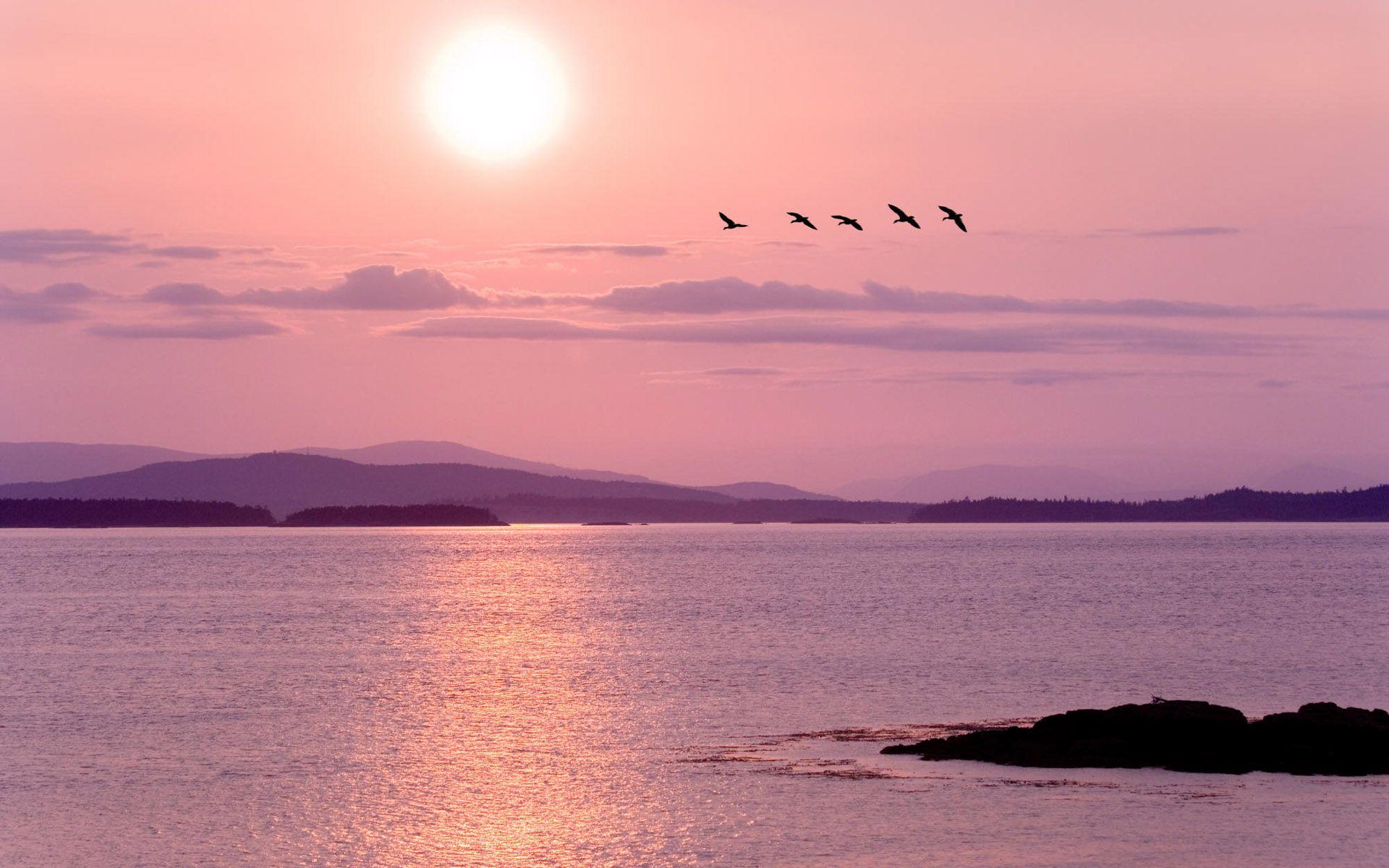 Pink Scenery Wallpapers Top Free Pink Scenery Backgrounds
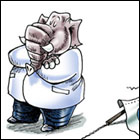Political Cartoons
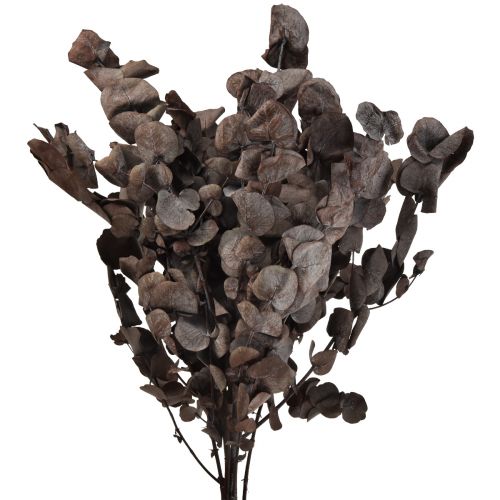 Product Eucalyptus Branches Eucalyptus Preserved Red L49cm 120g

########################################

__WHAT THE EXERCISE ASKS__. Copy the listing exactly but drop its images.

__ANSWER TO THE EXERCISE__.
 Pink Scenery Wallpapers Top Free Pink Scenery Backgrounds
Political Cartoons
 Product Eucalyptus Branches Eucalyptus Preserved Red L49cm 120g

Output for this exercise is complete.